Operating Expenses. Operating expenses for the three and six months ended June 30, 2009 decreased by $202 million or 25% and $340 million or 18%, respectively, compared to the same periods in 2008. The decreases were driven primarily by:
• the effects of a weaker Canadian dollar at Western Canada Transmission & Processing and Distribution,
• lower prices of natural gas purchased for the Empress facility, and
• lower project development costs at U.S. Transmission.
Gains on Sales of Other Assets and Other, net. Gains on sales of other assets and other, net for the three and six months ended June 30, 2009 decreased $32 million and $22 million, respectively, compared to the same periods in 2008. The decreases were primarily due to a 2008 second quarter customer bankruptcy settlement.
Operating Income. Operating income for the three and six months ended June 30, 2009 decreased by $26 million, or 8%, and $94 million, or 11%, respectively, compared to the same periods in 2008 primarily due to lower NGL product prices associated with the Empress operations at Western Canada Transmission & Processing, a weaker Canadian dollar and a 2008 customer bankruptcy settlement at U.S. Transmission, partially offset by higher storage and transportation revenues at Distribution.
Other Income and Expenses. Other income and expenses for the three and six months ended June 30, 2009 decreased by $199 million, or 79%, and $243 million, or 51%, respectively, compared to the same periods in 2008. The decreases were attributable to lower equity in earnings from Field Services, reflecting primarily lower commodity prices, partially offset by a gain recognized in the first quarter of 2009 associated with partnership units previously issued by DCP Partners.
Income Tax Expense from Continuing Operations. Income tax expense from continuing operations for the three and six months ended June 30, 2009 decreased by $69 million and $102 million, respectively, compared to the same periods in 2008 as a result of decreased earnings from continuing operations. For the three months ended June 30, 2009, the effective tax rate was 29.8% compared to 30.4% for the same period in 2008. The effective tax rate for the six months ended June 30, 2009 was 30.5% compared to 30.7% in the same period in 2008.

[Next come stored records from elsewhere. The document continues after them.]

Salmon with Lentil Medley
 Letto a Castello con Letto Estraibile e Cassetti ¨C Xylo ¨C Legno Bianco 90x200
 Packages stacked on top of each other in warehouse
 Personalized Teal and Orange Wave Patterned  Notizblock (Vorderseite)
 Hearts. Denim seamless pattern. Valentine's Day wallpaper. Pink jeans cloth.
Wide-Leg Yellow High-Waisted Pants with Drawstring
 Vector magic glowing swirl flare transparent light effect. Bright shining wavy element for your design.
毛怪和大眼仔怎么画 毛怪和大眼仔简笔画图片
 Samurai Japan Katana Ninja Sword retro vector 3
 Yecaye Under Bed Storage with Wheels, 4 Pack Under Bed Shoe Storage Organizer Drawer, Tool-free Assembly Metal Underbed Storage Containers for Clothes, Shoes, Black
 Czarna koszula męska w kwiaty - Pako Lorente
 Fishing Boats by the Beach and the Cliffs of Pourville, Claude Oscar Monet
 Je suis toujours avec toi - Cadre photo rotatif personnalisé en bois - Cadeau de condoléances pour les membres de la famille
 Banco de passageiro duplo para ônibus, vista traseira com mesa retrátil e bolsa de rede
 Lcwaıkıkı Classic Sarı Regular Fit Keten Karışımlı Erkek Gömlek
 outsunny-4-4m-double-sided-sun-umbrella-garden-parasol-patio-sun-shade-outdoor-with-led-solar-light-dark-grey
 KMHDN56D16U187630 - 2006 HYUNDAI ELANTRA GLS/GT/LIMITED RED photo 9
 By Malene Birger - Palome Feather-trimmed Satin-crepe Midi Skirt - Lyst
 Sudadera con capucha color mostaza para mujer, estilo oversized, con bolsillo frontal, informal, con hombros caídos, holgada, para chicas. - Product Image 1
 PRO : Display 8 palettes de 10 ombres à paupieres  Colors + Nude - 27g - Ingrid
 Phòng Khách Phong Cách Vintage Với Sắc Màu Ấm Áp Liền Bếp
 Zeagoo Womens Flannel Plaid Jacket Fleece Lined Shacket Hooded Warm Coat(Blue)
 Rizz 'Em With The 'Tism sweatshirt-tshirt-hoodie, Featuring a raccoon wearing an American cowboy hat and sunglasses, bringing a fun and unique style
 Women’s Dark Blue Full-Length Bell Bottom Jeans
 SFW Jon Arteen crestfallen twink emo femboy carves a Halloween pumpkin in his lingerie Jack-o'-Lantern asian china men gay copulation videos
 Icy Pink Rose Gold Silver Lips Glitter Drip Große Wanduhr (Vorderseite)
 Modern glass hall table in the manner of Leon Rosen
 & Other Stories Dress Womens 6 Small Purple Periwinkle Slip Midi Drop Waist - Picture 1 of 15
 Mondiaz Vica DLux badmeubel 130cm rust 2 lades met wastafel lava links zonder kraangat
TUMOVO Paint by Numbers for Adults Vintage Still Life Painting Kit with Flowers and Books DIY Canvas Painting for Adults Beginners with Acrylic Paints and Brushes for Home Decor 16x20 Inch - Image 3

For a more detailed discussion of earnings drivers, see the segment discussions that follow.
Segment Results
We evaluate segment performance based on EBIT from continuing operations, after deducting noncontrolling interests related to those profits. On a segment basis, EBIT excludes discontinued operations, represents all profits from continuing operations (both operating and non-operating) before deducting interest and taxes, and is net of noncontrolling interests related to those profits. Cash, cash equivalents and investments are managed centrally, so the gains and losses on foreign currency remeasurement, and interest and dividend income on those balances, are excluded from the segments' EBIT. We consider segment EBIT to be a good indicator of each segment's operating performance from its continuing operations, as it represents the results of our ownership interests in operations without regard to financing methods or capital structures.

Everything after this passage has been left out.